The assessee, engaged in the business of processing and sale of quartz sand, had filed a return declaring total income of ₹6,22,860. During scrutiny assessment, the Assessing Officer noted that the assessee had executed and registered sale deeds on 12.04.2013 in respect of land bearing R.S. Nos. 208/1 and 208/2 situated at Halol. The aggregate sale consideration mentioned in the registered sale deeds was ₹1,66,09,000. Since the sale deeds were registered during Financial Year 2013-14, relevant to AY 2014-15, the Assessing Officer held that a transfer within the meaning of Section 2(47) had taken place during that year and computed STCG of ₹52,38,111.
Before the Assessing Officer, the assessee argued that substantial sale consideration remained unpaid, certain cheques issued by the purchasers were dishonoured or not realized, and possession continued with the assessee until receipt of the final payment in April 2015. It was submitted that a legal notice dated 08.11.2013 had been issued to the purchasers and that possession was handed over only after complete realization of consideration in Financial Year 2015-16. Accordingly, the assessee claimed that the capital gain was taxable in AY 2016-17, where it had already been offered to tax.
The Assessing Officer rejected the explanation and held that execution and registration of the sale deeds constituted transfer under Section 2(47).
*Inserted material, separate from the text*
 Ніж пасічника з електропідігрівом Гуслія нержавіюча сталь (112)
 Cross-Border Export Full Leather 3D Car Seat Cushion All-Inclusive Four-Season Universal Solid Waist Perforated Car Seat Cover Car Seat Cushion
The Commissioner (Appeals) upheld this view.
Before the Tribunal, the assessee relied on the legal notice, purchasers’ reply acknowledging non-payment, an understanding permitting retention of possession, and a confirmation deed dated 17.12.2015 evidencing receipt of final payment and handing over of possession. The assessee argued that transfer could not be treated as complete merely because the sale deeds had been registered when possession had not been delivered and substantial consideration remained unpaid.
The Revenue maintained that the sale deeds had been duly executed and registered on 12.04.2013 and that subsequent disputes regarding realization of consideration or delayed payments could not defer taxation of capital gains.
The Tribunal observed that the sale deeds were executed and registered before the Sub-Registrar on 12.04.2013 and that the documents clearly transferred ownership rights to the purchasers. It held that once a registered sale deed transferring ownership rights is executed, transfer stands completed for the purposes of Section 45 read with Section 2(47) of the Act.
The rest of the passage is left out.